(Beginning of Exercise data)

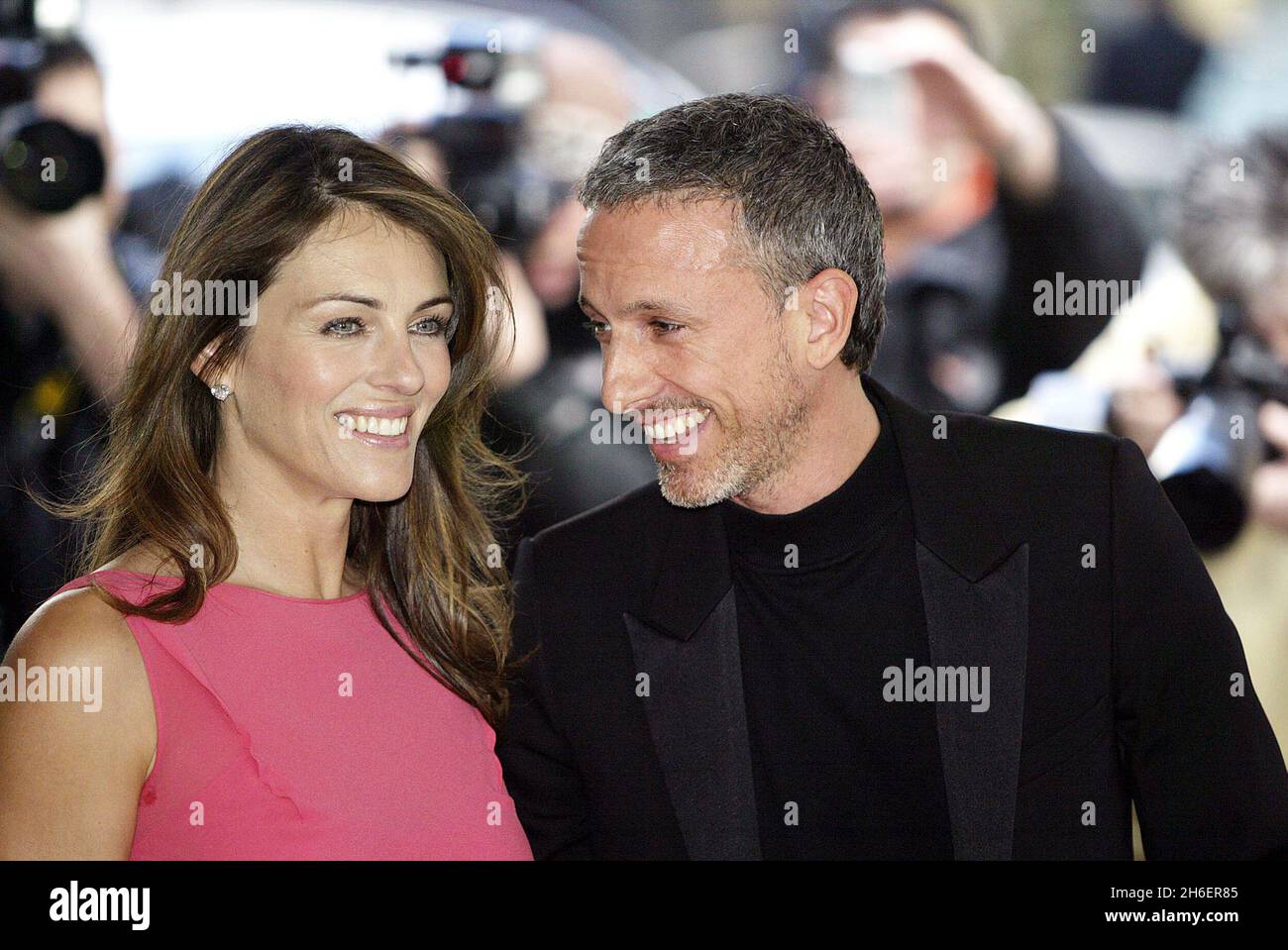 Liz Hurley mit Schuhmacherin Patick Cox auf der London Fashion Week zum Start ihrer neuen tv-Modenschau. Jeff Moore/allactiondigital.com Stockfoto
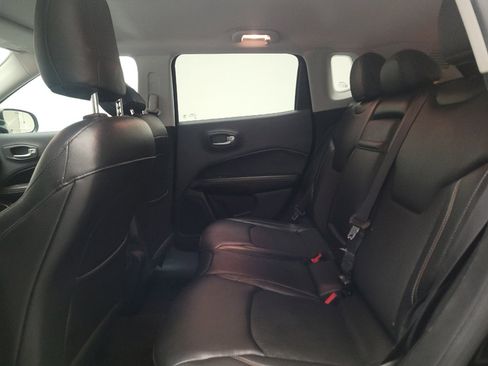 Used 2018 Jeep Compass Latitude FWD image 18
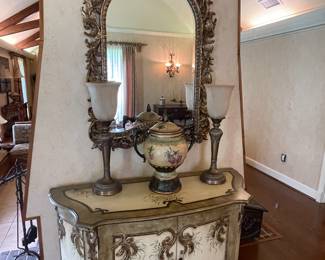 FANCY CABINET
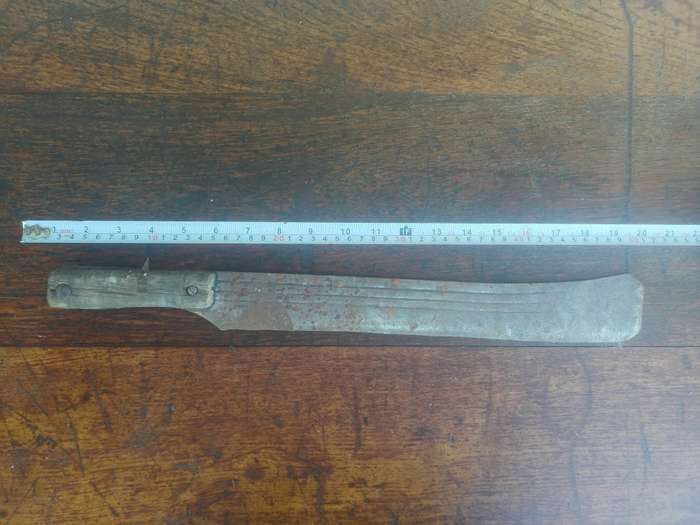 ANTIQUE WEEK #30 - 1633 DATE??  MARKINGS VERY UNCLEAR- VERRY OLD `panga` TYPE KNIFE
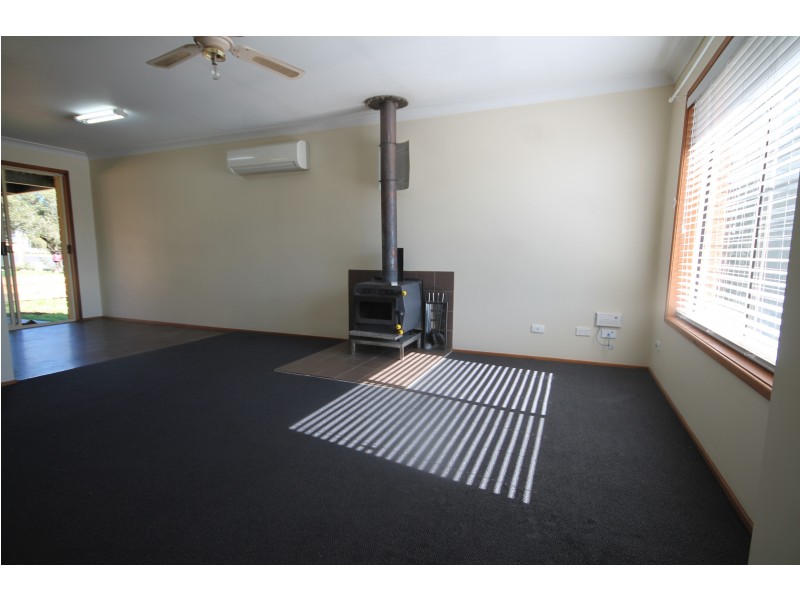 75 Vennacher Street, Merriwa NSW 2329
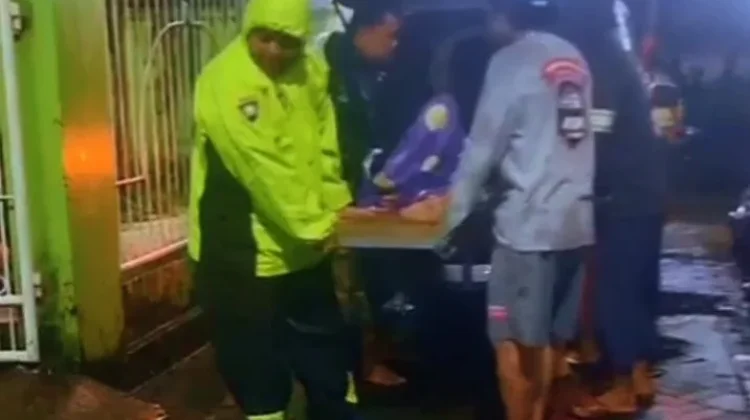 Banjir Manggala,Personel Polsek Manggala Evakuasi Warga Sakit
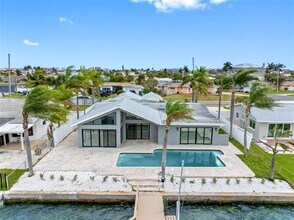 520 115th Ave in Treasure Island, FL - Building Photo - Building Photo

(End of Exercise data)

- [What you have to do]: Give again, word for word, each line from the one holding "Used 2018 Jeep Compass Latitude FWD image 18" through the end of the entries, and leave out any picture.

- [Response area]:
 Used 2018 Jeep Compass Latitude FWD image 18
 FANCY CABINET
 ANTIQUE WEEK #30 - 1633 DATE??  MARKINGS VERY UNCLEAR- VERRY OLD `panga` TYPE KNIFE
 75 Vennacher Street, Merriwa NSW 2329
 Banjir Manggala,Personel Polsek Manggala Evakuasi Warga Sakit
 520 115th Ave in Treasure Island, FL - Building Photo - Building Photo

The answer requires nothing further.